» **Data supplied**
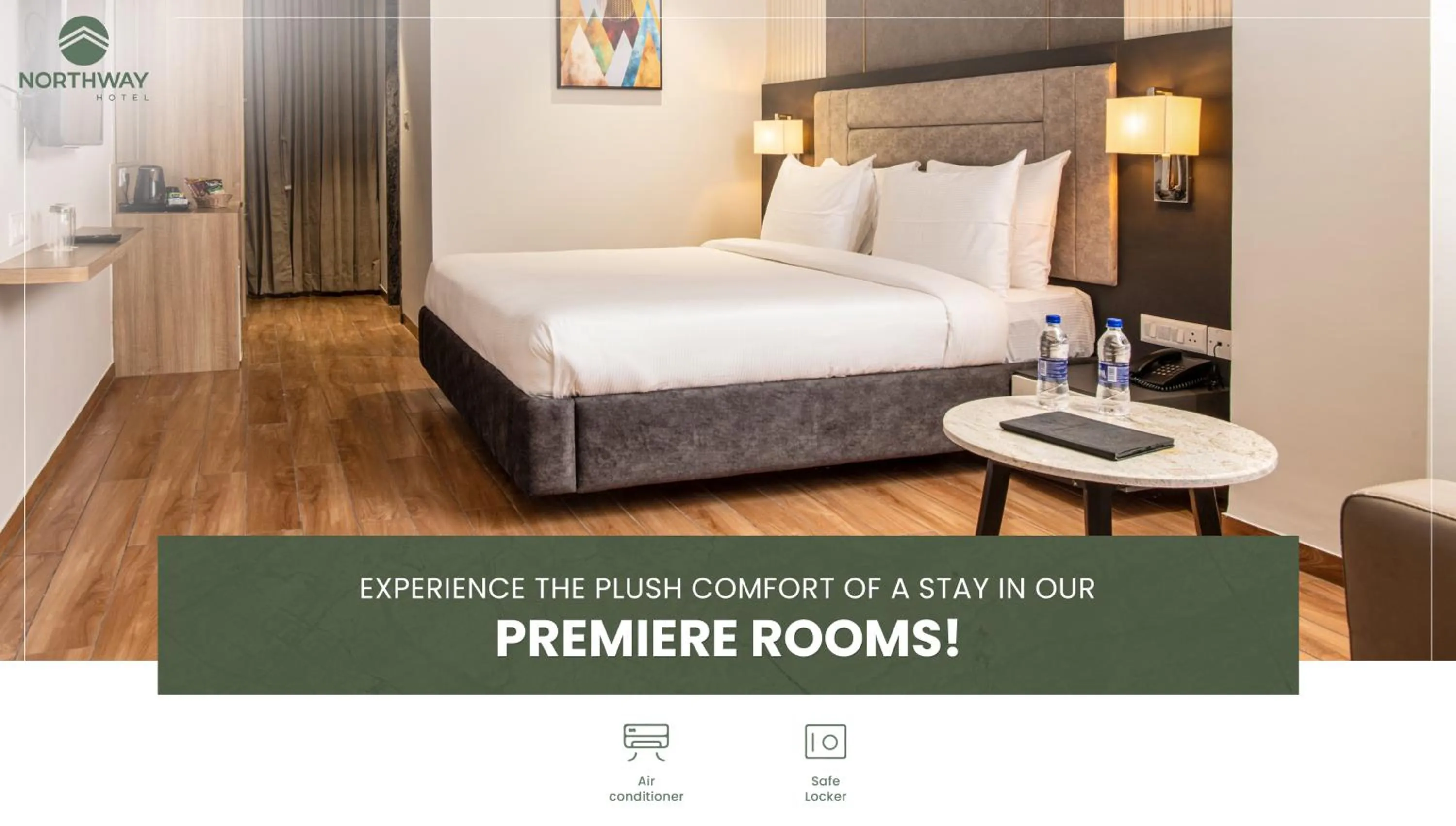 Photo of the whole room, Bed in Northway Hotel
==
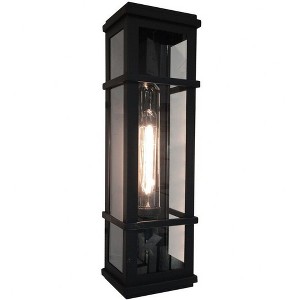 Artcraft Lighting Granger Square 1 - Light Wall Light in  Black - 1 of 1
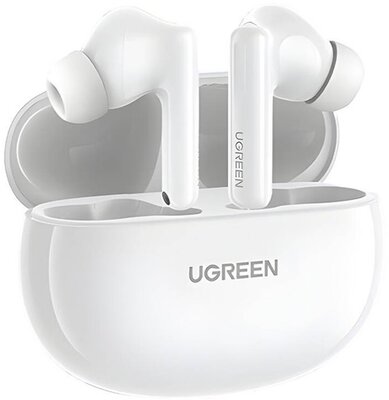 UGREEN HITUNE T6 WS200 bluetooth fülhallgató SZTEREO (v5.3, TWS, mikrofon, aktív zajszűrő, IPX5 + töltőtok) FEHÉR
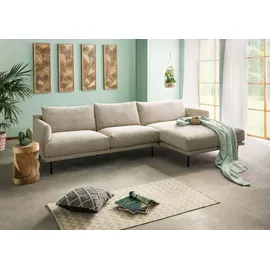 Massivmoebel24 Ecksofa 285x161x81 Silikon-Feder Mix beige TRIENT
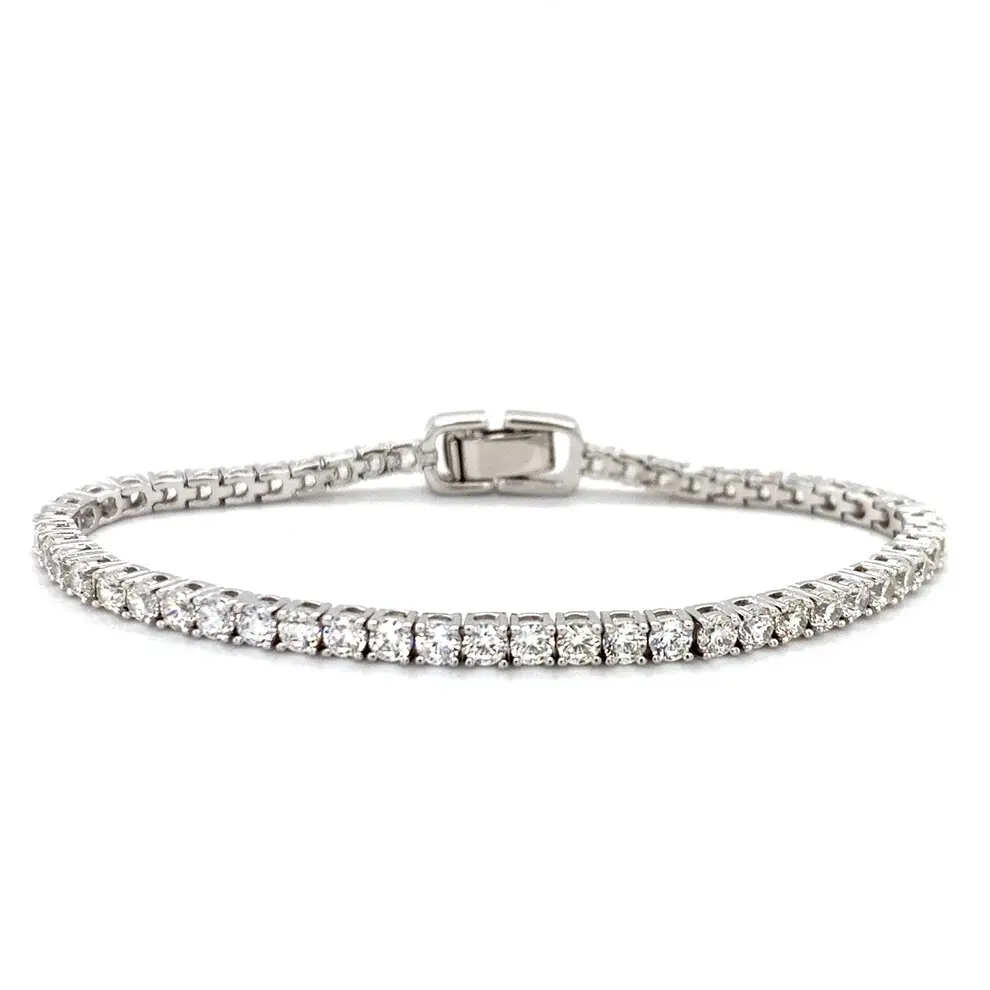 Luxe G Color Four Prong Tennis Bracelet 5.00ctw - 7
==
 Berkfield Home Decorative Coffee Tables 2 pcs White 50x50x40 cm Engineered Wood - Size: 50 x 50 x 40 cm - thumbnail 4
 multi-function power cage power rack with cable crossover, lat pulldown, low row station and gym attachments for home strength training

» **Work item**
Return word for word the lines above from the line with "Berkfield Home Decorative" to the line with "multi-function power cage", including both and leaving out all others.

» **Answer to the problem**
 Berkfield Home Decorative Coffee Tables 2 pcs White 50x50x40 cm Engineered Wood - Size: 50 x 50 x 40 cm - thumbnail 4
 multi-function power cage power rack with cable crossover, lat pulldown, low row station and gym attachments for home strength training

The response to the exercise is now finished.